Survival camp? How can you not have bad feelings about that?
Sixteen-year-old nerd (or geek, but not dork) Henry Lambert has no desire to go to Strongwoods Survival Camp. His father thinks it might help Henry man up and free him of some of his odd phobias. Randy, Henry’s best friend since kindergarten, is excited at the prospect of going thanks to the camp’s promotional YouTube video, so Henry relents. When they arrive at the shabby camp in the middle of nowhere and meet the possibly insane counselor (and only staff member), Max, Henry’s bad feelings multiply.
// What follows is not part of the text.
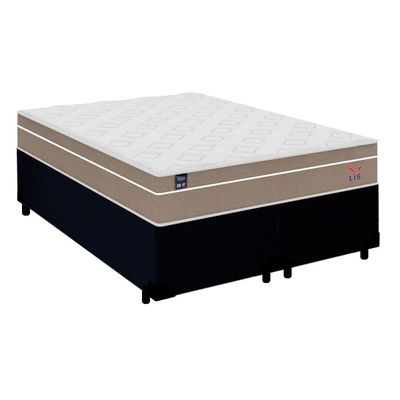 Cama Box Casal Bipartido Suede + Colchão Lis Molas Ensacadas Plumatex 138x188x64cm Cor:preto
Max tries to train his five campers with a combination of carrot and stick, but the boys are not athletes, let alone survivalists. When a trio of gangsters drops in on the camp Games to try to collect the debt owed by the owner, the boys suddenly have to put their skills to the test. Too bad they don’t have any—at all. Strand’s summer-camp farce is peopled with sarcastic losers who’re chatty and wry. It’s often funny, and the gags turn in unexpected directions and would do Saturday Night Live skits proud. However, the story’s flow is hampered by an unnecessary and completely unfunny frame that takes place during the premier of the movie the boys make of their experience. The repeated intrusions bring the narrative to a screeching halt.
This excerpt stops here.